According to Bijay Thapa, chair of the Nepalese Caterers Association, UK, there are around 250 Nepalese restaurants all over the UK. These restaurans are not only introducing Nepalese cuisine, they are also promoting Nepalese identity and culture among the British population thousands of miles away from home.
Nepalese started coming to the United Kingdom in the 1960s as staff in the Indian-owned restaurants. Kalu Ram Tamang, Krishna Bahadur Thapa, Shyam Maharjan and Ishwor Manandhar are considered as pioneers among the Nepalese restaurateurs in the UK.

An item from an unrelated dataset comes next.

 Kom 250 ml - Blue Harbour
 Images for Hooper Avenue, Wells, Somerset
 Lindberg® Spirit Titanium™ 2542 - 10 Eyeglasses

Tamang, Thapa and Maharjan arrived Lonodn in 1968. An Indian businessman, Rijumal Bhavanani, had gone to Kathmandu looking for Chefs. He met them and persuaded them to come over to UK to work as Chefs at the Quality Restaurant in the UK. Late K B Thapa is considered to be the first Nepali to arrive in the UK with a work permit to work in a restaurant.
Late Ishwor Manandhar used to describe himself as the second Nepali to arrive in the UK with a work permit. Indian Restaurant owners provided them free air ticket, free accomodation etc.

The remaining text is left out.